How many EV start-ups dieing does this make now?

1. Aptera
2. Bright Automotive
3. Think Electric vehicles
4. A123 (batteries only).
5. Coda
6. Fisker (only a matter of time)

Am I missing any? What was the name of the EV startup that was going to use EEstor capacitors?

ZENN Motor. Believe it or not, they just announced another agreement with EEStor!

That’s it! Zenn Motors. Thanks Gwido.

Just goes to show that no matter what kind of company you may be starting, it is hard to be successful without good marketing. Tesla has good marketing. The failed companies do not. I had looked into CODA as it was first started and was intrigued, but hadn’t really heard much from them since. It is hard to buy a product from a company if they won’t let you know if they have a product to sell you.
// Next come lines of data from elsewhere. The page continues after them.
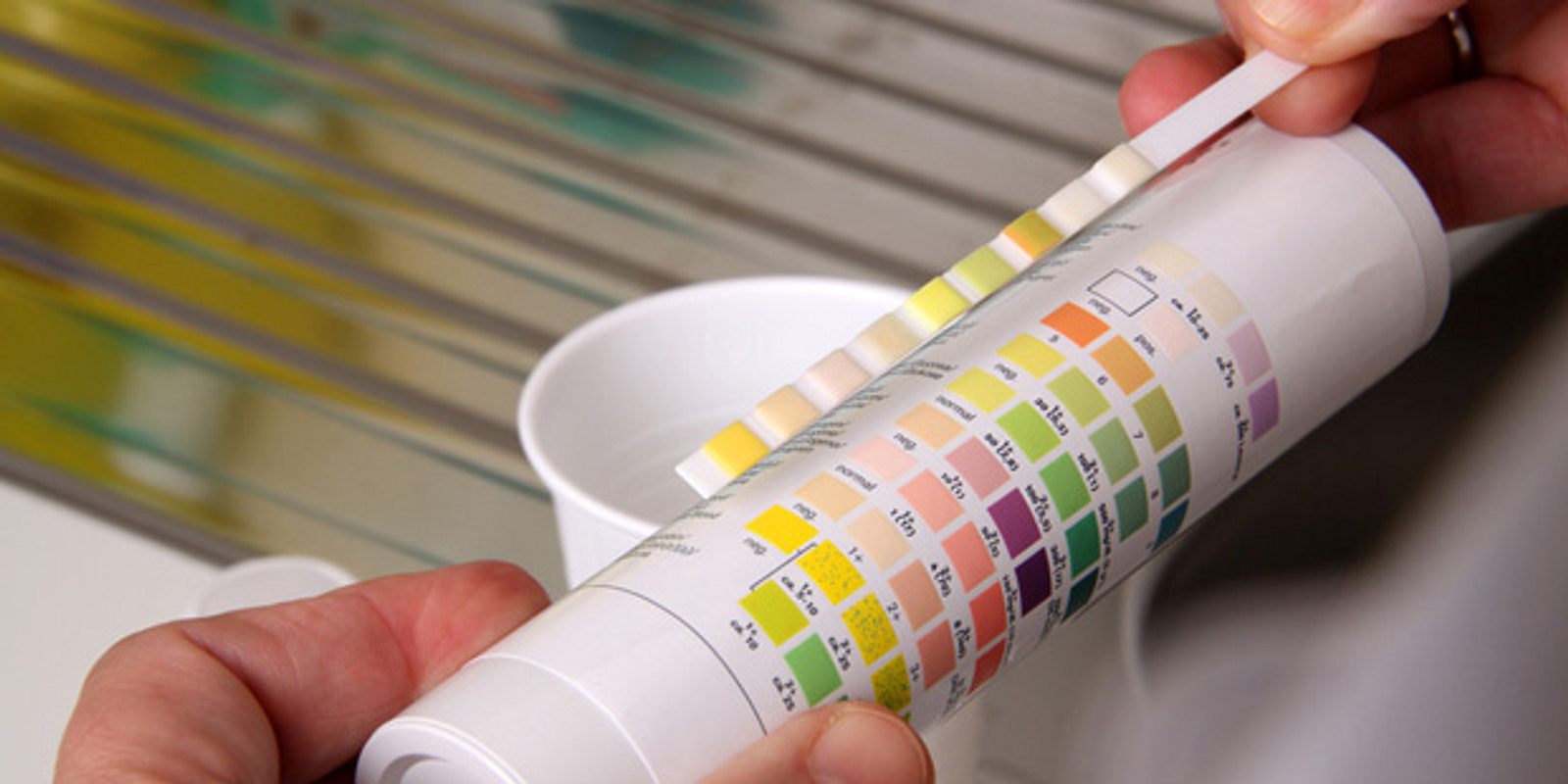 Исследование мочи на сахар. Тест мочи на соли. Экспресс тест на наркологические вещества. Тест на наркологические вещества. Уриглюк-1.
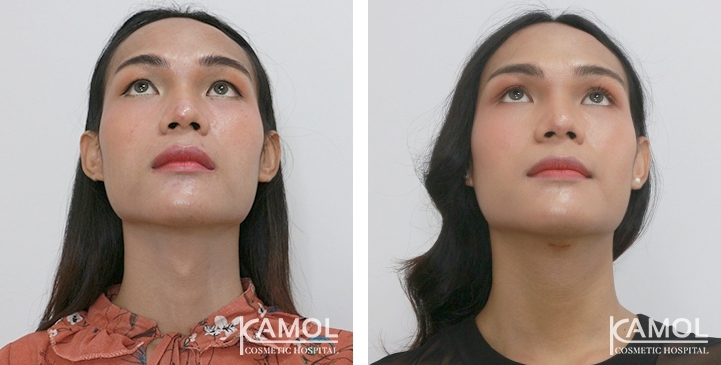 Before & After Adam's Apple Shaving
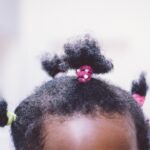 Photo Hair regrowth
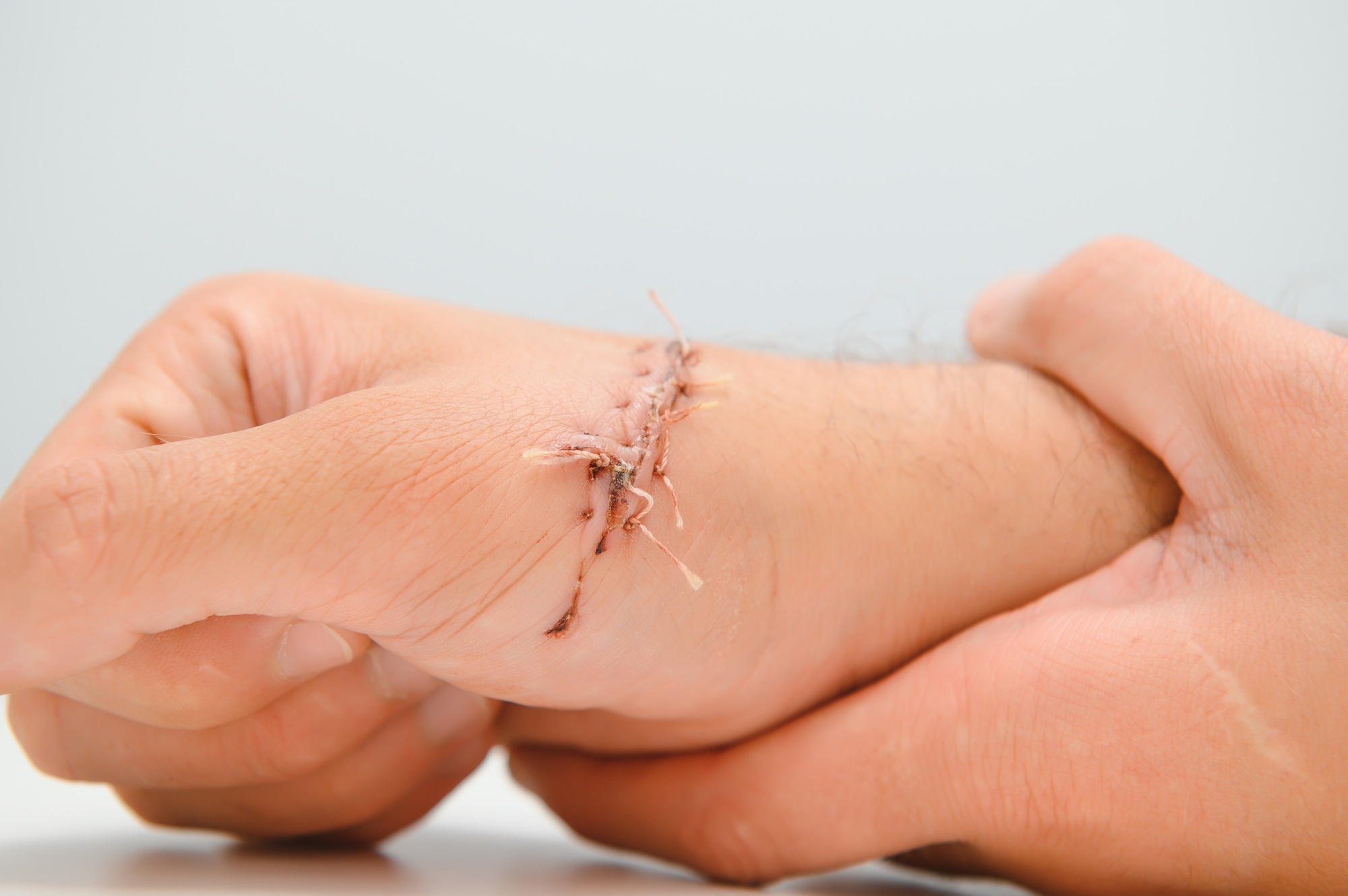 Suture wound on hand,Pain of accident concept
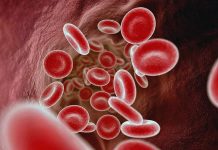 Гемофилия: какие симптомы должны насторожить и когда стоит обратиться к врачу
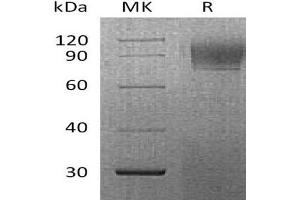 IFNAR1 Protein (His tag)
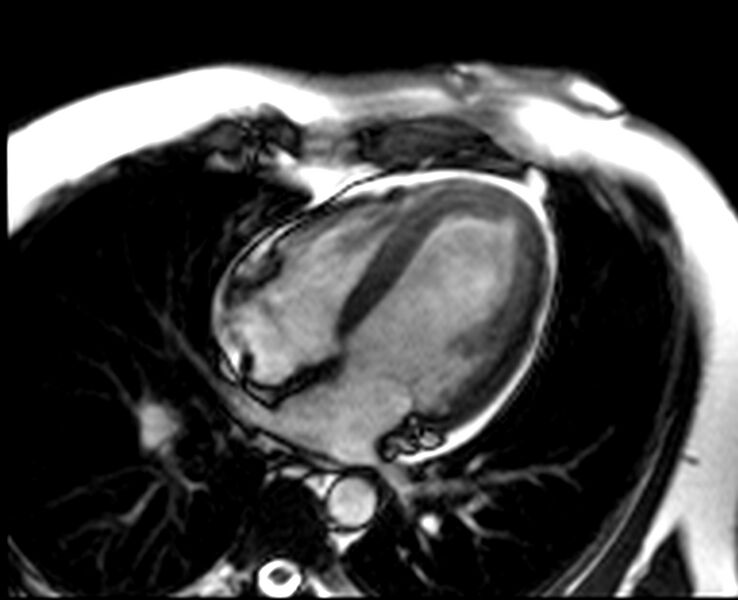 File:Acute anteroseptal myocardial infarction (Radiopaedia 68409-77944 Four chambers view SSFP cine 2).jpg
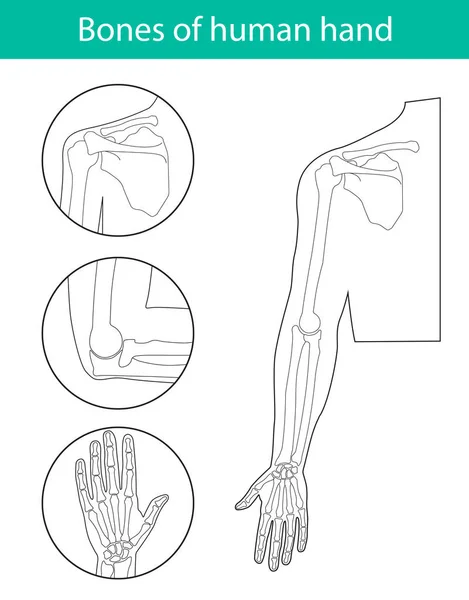 Set of vector illustrations of human hand skeletal anatomy — Stock Vector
I don’t think it’s that bad of a looking car. Nothing special, but not ugly. Just plain and simple. It kills me how journalists today think they are the end-all-be-all on looks and style. I’ve never heard of this car, and it’s journalism like the above that makes things like that happen. The caption under the interior photo “makes children sad”. REALLY? If a reviewer doesn’t like it, just say that. No need for twisting the knife once it’s in. That’s what’s sad.

UQM has never been willing to engage the DIY community or small conversion shops. Perhaps they’d now be willing to sell some Coda drives that must be hanging around as surplus?